# Time to get the fish house off the lake.



## swmnhay (Jun 13, 2008)

__ https://www.facebook.com/video.php?v=1147009985311712



48 degrees today,ice is melting fast


----------



## BWfarms (Aug 3, 2015)

How thick did ice get this year?


----------



## swmnhay (Jun 13, 2008)

BWfarms said:


> How thick did ice get this year?


18" where we were at


----------



## PaMike (Dec 7, 2013)

Just the idea of driving a truck on the ice when there is standing water gives me the creeps...


----------



## deadmoose (Oct 30, 2011)

swmnhay said:


> 18" where we were at


Warm winter.


----------



## stack em up (Mar 7, 2013)

PaMike said:


> Just the idea of driving a truck on the ice when there is standing water gives me the creeps...


Oh, it'll be fine.... Have some friends that race their snowmobiles across standing water. No I do not do that and yes, I am the smartest of the group.

No kidding moose. 2013-2014, St James Lake hit 54" of ice.


----------



## PaMike (Dec 7, 2013)

stack em up said:


> Oh, it'll be fine.... Have some friends that race their snowmobiles across standing water.

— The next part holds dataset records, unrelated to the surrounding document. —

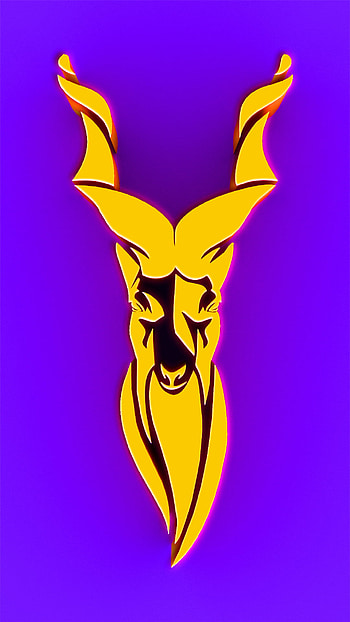 Markhor 3D (Purple), maarkhor HD phone wallpaper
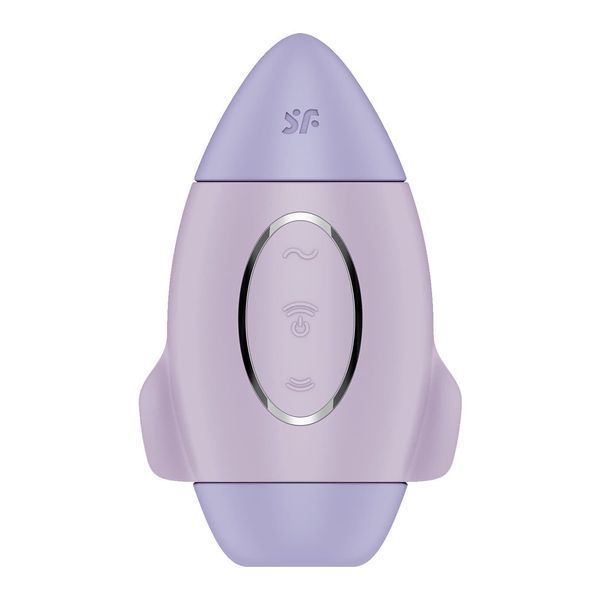 Вакуумний стимулятор з вібрацією Satisfyer Mission Control Violet, 2 незалежні мотори SO8970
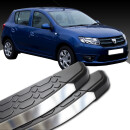 Trittbretter passend f&uuml;r Dacia Stepway ab 10/2012 (Model: LAVA, Farbe: Silber) mit ABE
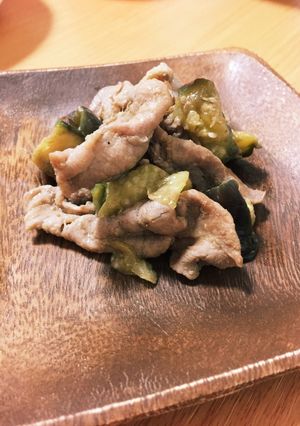 ズボラな豚肉とナスのにんにく醤油炒め-レシピのメイン写真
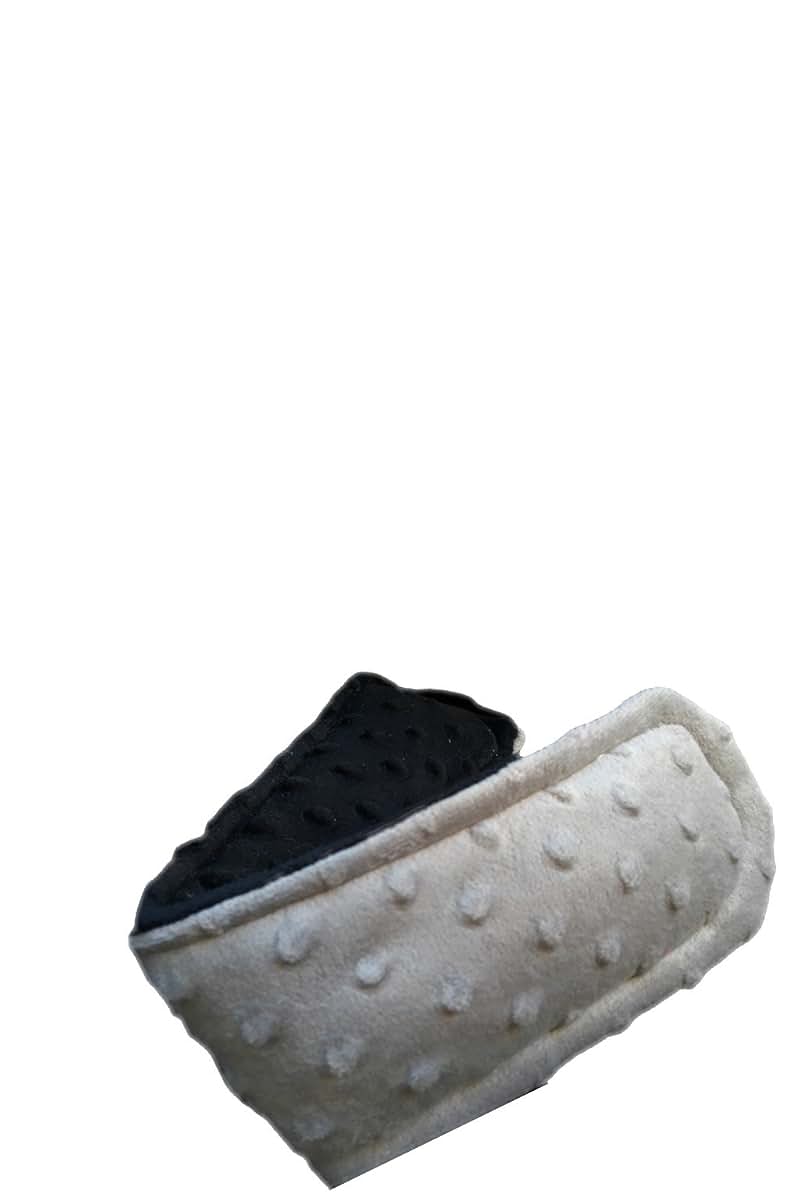 NoNods.com NoNods Car Seat Pillow Head Band REVERSIBLE BLACK/GREY (photo 2)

No I do not do that and yes, I am the smartest of the group.
> 
> No kidding moose. 2013-2014, St James Lake hit 54" of ice.


Says the guy from the land of ice and snow...

In our neck of the woods you pull that off and you are one lucky SOB...


----------



## Thumbtack (Jun 18, 2012)

Cy you are crazy. Now I know why I live in the desert


----------



## swmnhay (Jun 13, 2008)

PaMike said:


> Says the guy from the land of ice and snow...
> In our neck of the woods you pull that off and you are one lucky SOB...


You can actually run the newer snowmobiles on water if you keep the speed up.They can be equipped with paddle/ long tracks made for mountain climbing.No I'm not that crazy!!!!


----------



## deadmoose (Oct 30, 2011)




----------



## deadmoose (Oct 30, 2011)

Forget that!


----------



## glasswrongsize (Sep 15, 2015)

deadmoose said:


>


NOPE!! And that's final. Non negotiable!!


----------



## BWfarms (Aug 3, 2015)

What's wrong with that, I'd do it. No different than sand bar jumping or jet skiing.

I was on ice that was 8-10 inches, hit a snow drift and immediately sank into water, I was full throttle paddling to get out.


----------



## glasswrongsize (Sep 15, 2015)

BWfarms said:


> What's wrong with that, I'd do it. No different than sand bar jumping or jet skiing.
> 
> I was on ice that was 8-10 inches, hit a snow drift and immediately sank into water, I was full throttle paddling to get out.


Well for starters, the the jet ski breaks down--it still floats. Second, every time I've been on a jet ski and wound up in the water, the water was warm.  You guys go have a big time. I'll hold your beer for you right after you say "hold my beer; watch this!" 

73, Mark


----------



## IHCman (Aug 27, 2011)

50s on Saturday, will be like that here.


----------